Wednesday, November 14, 2018

India could clear flight for Singapore Airlines

India could give Singapore Airlines a lift. The $8 billion group posted dismal quarterly earnings. But opportunity may be knocking, as indebted rival Jet Airways comes into play. A deal by Singapore's influential Indian partner Tata would bring newfound clout in a promising growth market.
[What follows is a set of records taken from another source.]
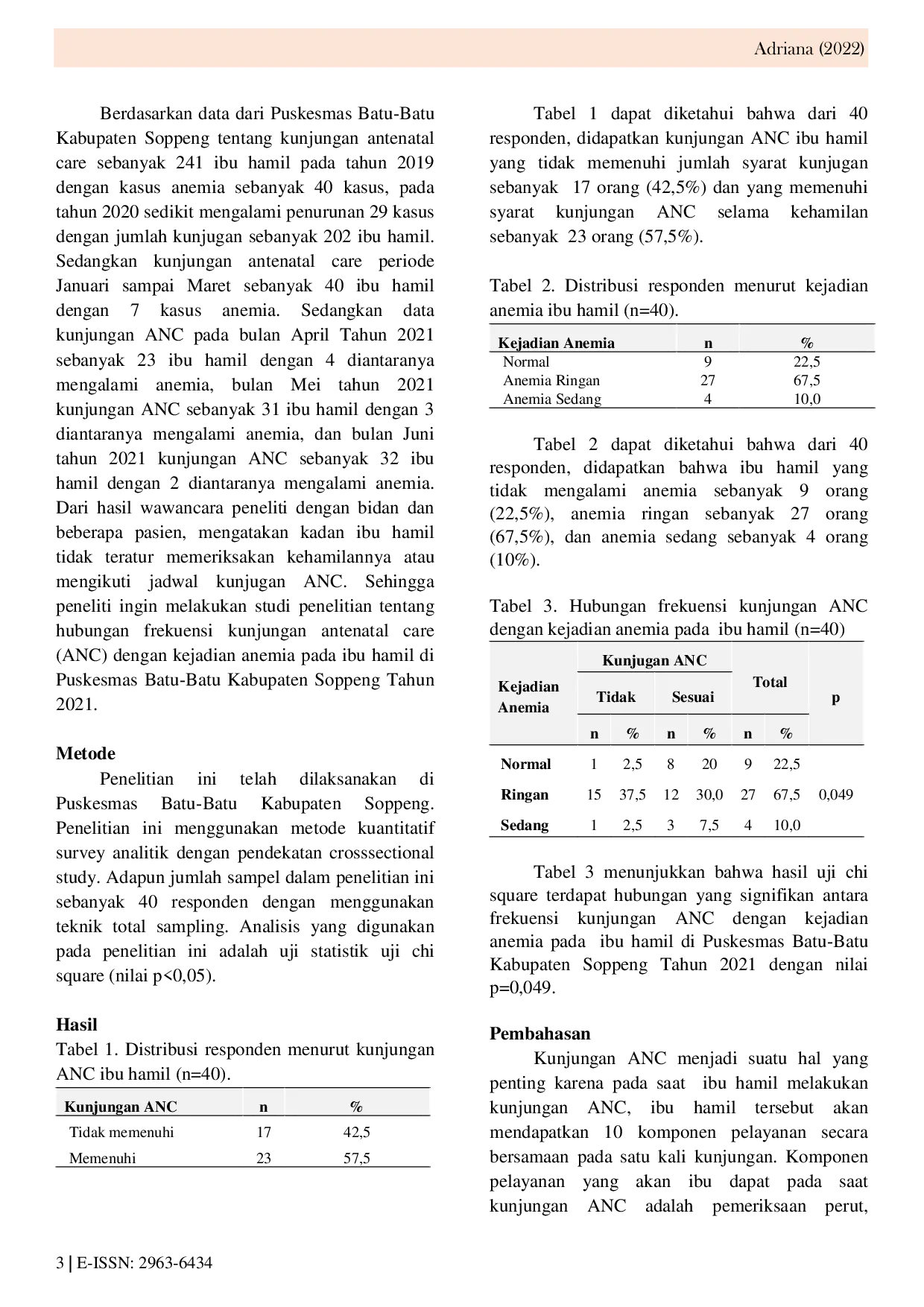 JURIS Hubungan frekuensi kunjungan ANC dengan kejadian anemia pada ibu hamil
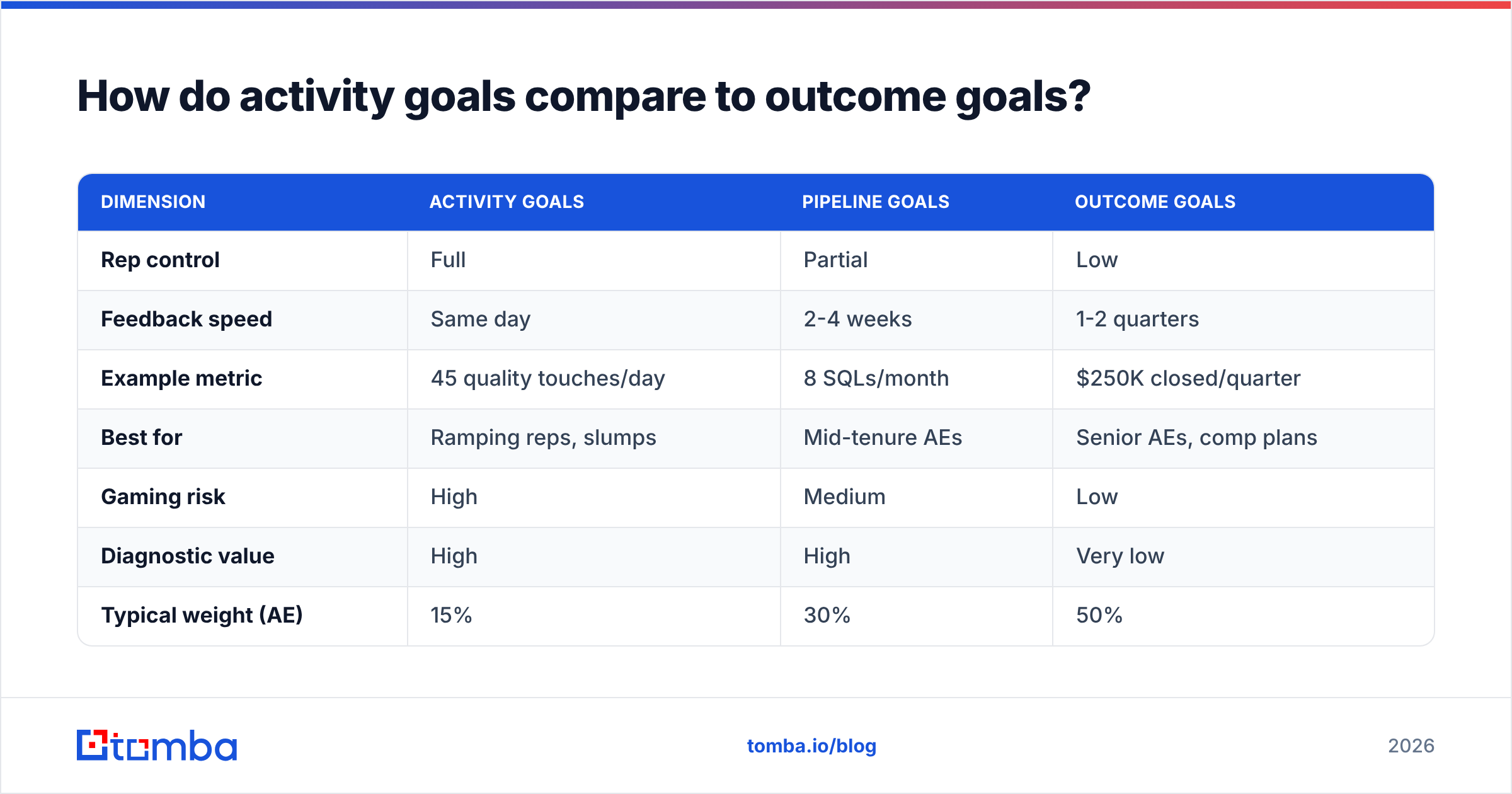 Diagram: How do activity goals compare to outcome goals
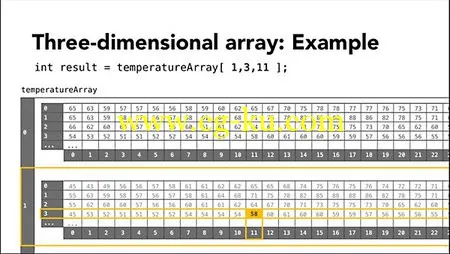 Lynda – Foundations Of Programming: Data Structures的图片1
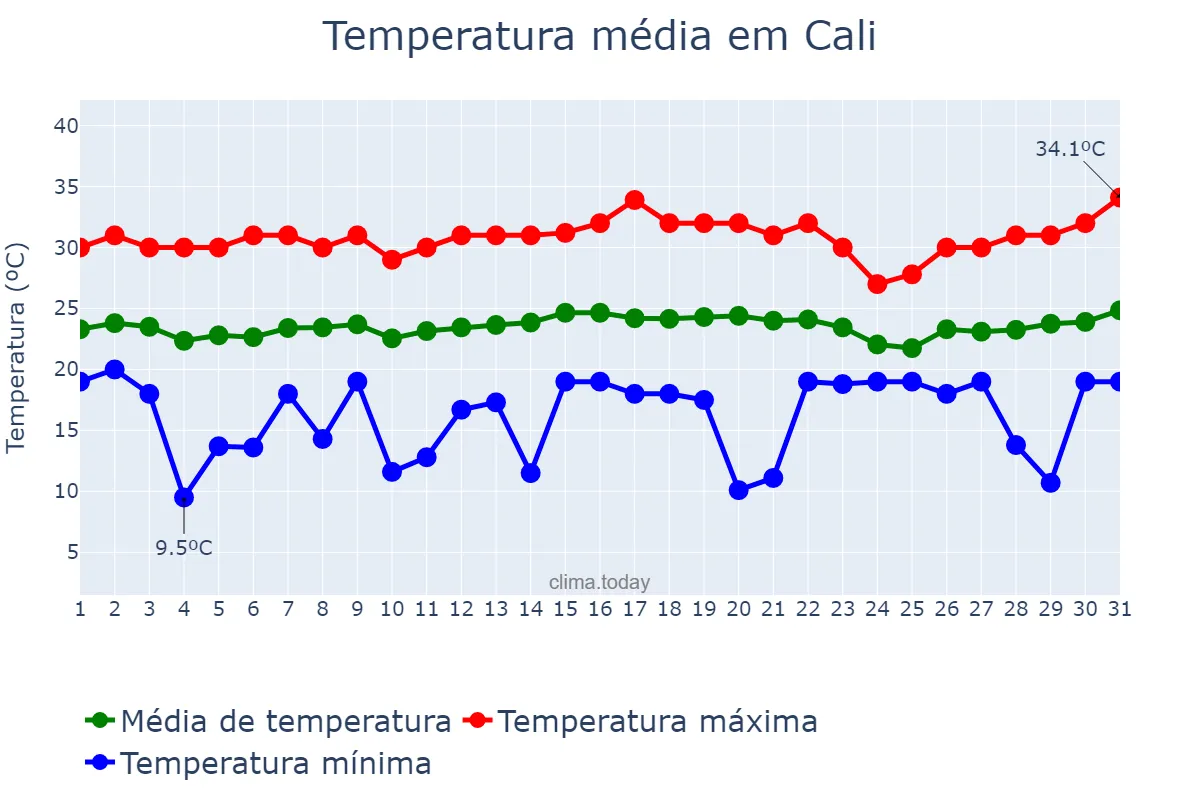 Temperatura em julho em Cali, Valle del Cauca, CO
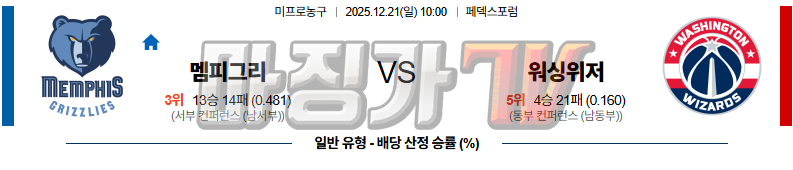 2025-12-21 NBA 멤피스 그리즐리즈 워싱턴 위자드 NBA분석 무료중계 스포츠분석 관련 이미지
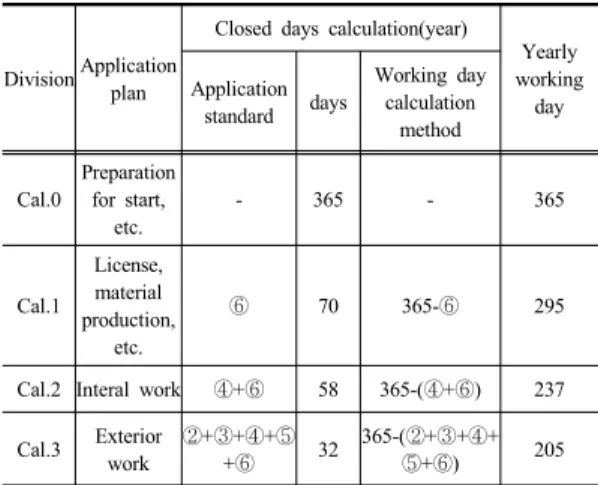 Table 5. Multiple calendars Application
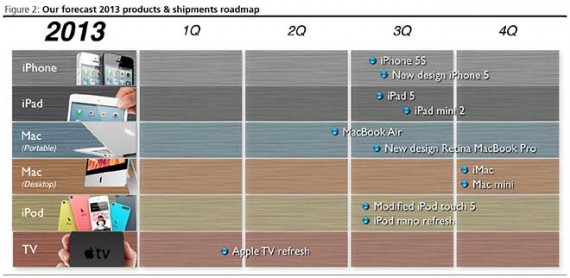 La dirigenza Apple fiduciosa nel futuro dell’azienda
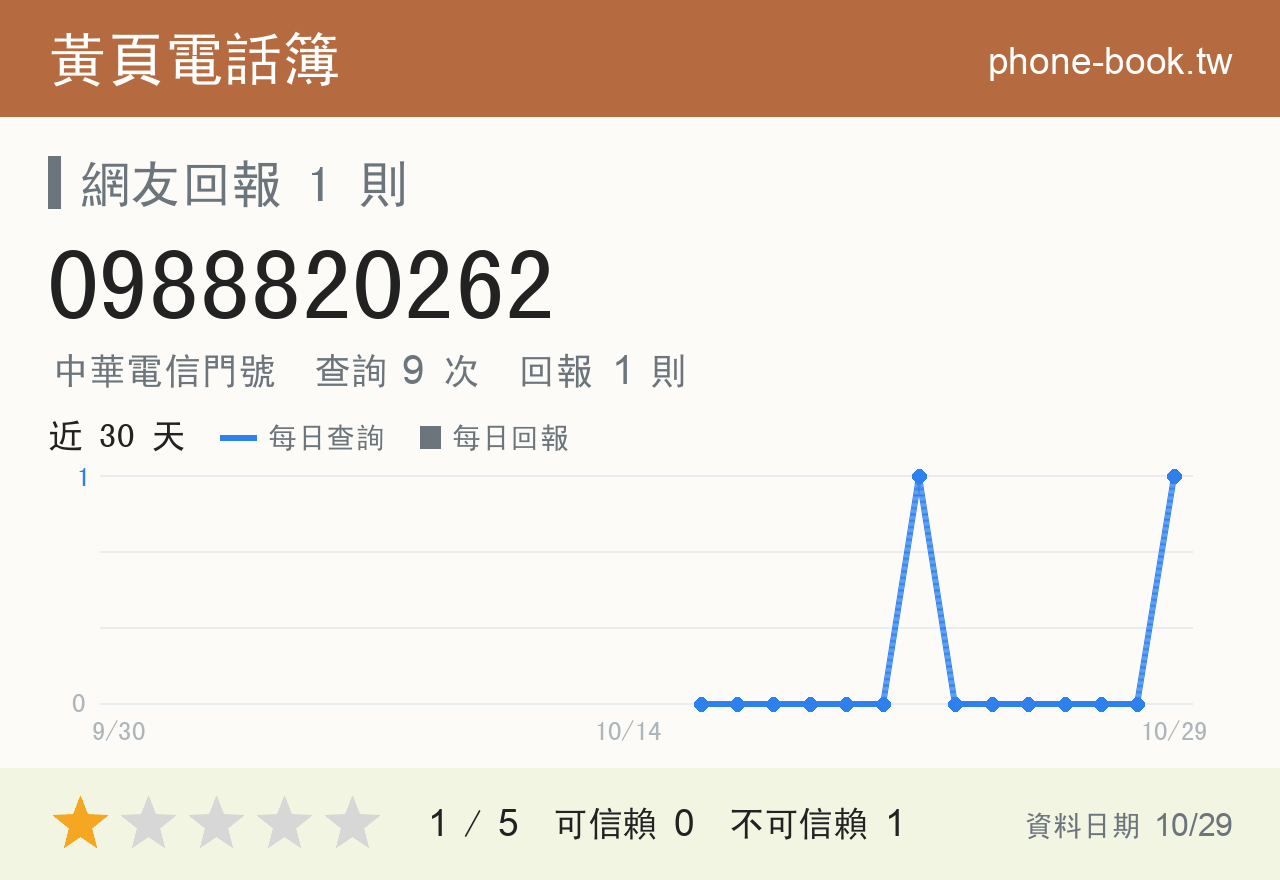 0988820262 評分卡：查詢 9 次、網友回報 1 則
It was always going to be a difficult first half for the city-state's flag carrier, still in the throes of a turnaround plan. Higher oil prices drove net fuel costs up almost a quarter in the three months to September. Meanwhile, impairments and other charges at part-owned Virgin Australia hit too. The result was a drop of over 80 percent in quarterly earnings, with regional arm SilkAir and low-cost Scoot posting operating losses, too.
True, cut-throat competition in India has pushed ticket prices to the floor and carriers to the wall, from state-owned Air India to top player IndiGo, and loss-making Jet. But it remains one of the world's fastest-growing markets, and an inflection point may be near: Jet, controlled by tycoon Naresh Goyal and backed by United Arab Emirates carrier Etihad, is bleeding and buyers are circling, including the Tatas.
Singapore has a foothold in India through Vistara, but this venture with Tata only has a sliver of the market. If the Indian group - which also has a separate low-cost airline - can win control of Jet, the smaller operations could be folded into it. Singapore could benefit from slots in crowded airports through a stake in the subcontinent's top full-service carrier. It would be far easier too than trying to turnaround sprawling state-owned Air India, which was recently up for sale.